A warning to those of you looking forward to celebrating 4/20 in style this year: Your weed might not be as potent as advertised. In a new study this week, scientists found that cannabis products bought from legal dispensaries in Colorado were often much lower in THC levels than their labels indicated.
THC, or Delta-9-tetrahydrocannabinol, is the ingredient in cannabis primarily responsible for the high we get from taking it. Studies have found that the reported potency of THC in recreational cannabis has steadily increased over the past few decades. Yet there’s also been concern that companies have been overinflating the THC levels of their product in hopes of boosting their popularity and price. One common method of this is known as “lab shopping,” where companies will send their merchandise to several labs for analysis and only pick out the most flattering results to use on their label. People have started to accuse specific companies of these practices, even filing lawsuits against some. But there hasn’t been too much data on how systemic a problem this might be across the industry.
This new study, published Wednesday in PLOS-One, was conducted by researchers at the University of Northern Colorado and elsewhere. They bought 23 samples meant to represent 12 cannabis strains from 10 dispensaries across the state. Then they had a third-party lab test the samples.
Overall, the samples were found to be significantly lower in THC than was claimed on the label. About 70% of the samples tested THC levels that were over 15% lower than claimed, with three samples having half as little THC as the maximum potency they were claimed to have. About 60% of samples reported a range in THC potency on their label, rather than a single number, but these samples often still appeared to be mislabeled as well.
“Our results clearly demonstrate that retail cannabis flower THC potency is significantly inflated in samples purchased in Colorado. Given the numerous recent reports and lawsuits questioning THC potency reporting, it is likely that this is an industry-wide problem,” the authors wrote.

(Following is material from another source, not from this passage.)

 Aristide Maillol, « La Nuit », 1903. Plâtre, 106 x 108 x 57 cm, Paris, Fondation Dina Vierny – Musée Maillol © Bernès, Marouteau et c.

Higher THC strains of cannabis are thought to pose a higher risk of serious but rare side effects, such as panic attacks. So on the one hand, people taking cannabis today might be safer than we thought. On the other hand, systemic mislabeling undermines the very concept of regulation. And since cannabis prices depend heavily on reported THC potency, customers are possibly getting routinely overcharged.

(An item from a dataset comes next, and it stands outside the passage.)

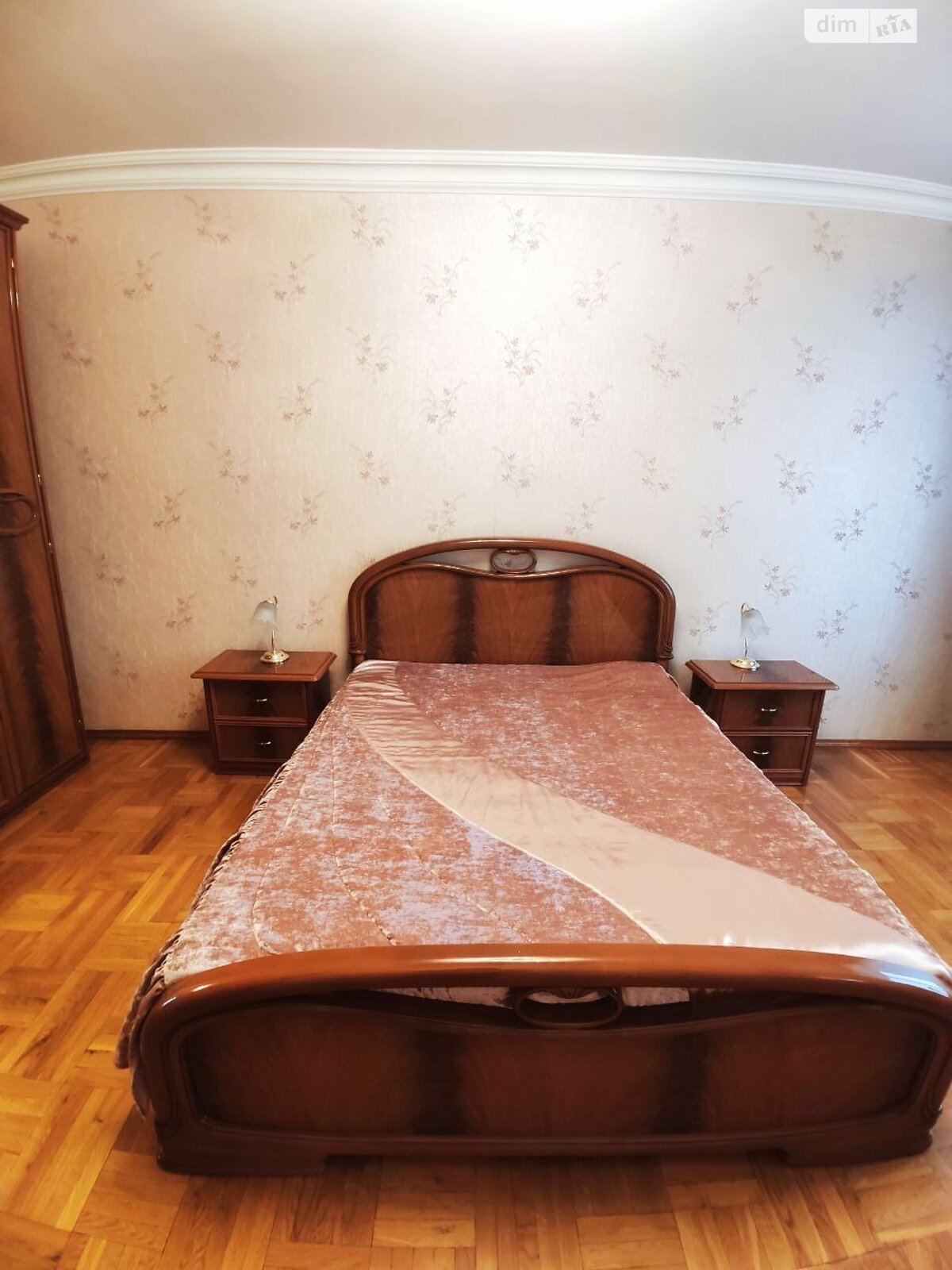 трехкомнатная квартира с мебелью в Днепре, район Соборный, на ул. Героев Крут 1 в аренду на долгий срок помесячно фото 1 трехкомнатная квартира с мебелью в Днепре, район Соборный, на ул. Героев Крут 1 в аренду на долгий срок помесячно фото 1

This is only a single, relatively small study of dispensaries in one state. And many of the authors have disclosed that they’re financially involved in the cannabis industry, with two being employees of the third-party lab that conducted the testing in the study. The authors say that none of their employers had any role in the research, outside of providing some of them a salary, and potential conflicts of interest on their own do not invalidate the results of a study. But these caveats do emphasize the need for more research from other teams to confirm the findings and to better understand the scope of this potentially widespread issue in the industry.
“Although we have no power to change the current system, we hope highlighting this issue and educating consumers will affect the change needed to remedy the inflated potency of flower products,” the authors wrote. “Addressing this discrepancy will require both changes to the regulatory system and consumer awareness that reported THC potencies are frequently inflated.”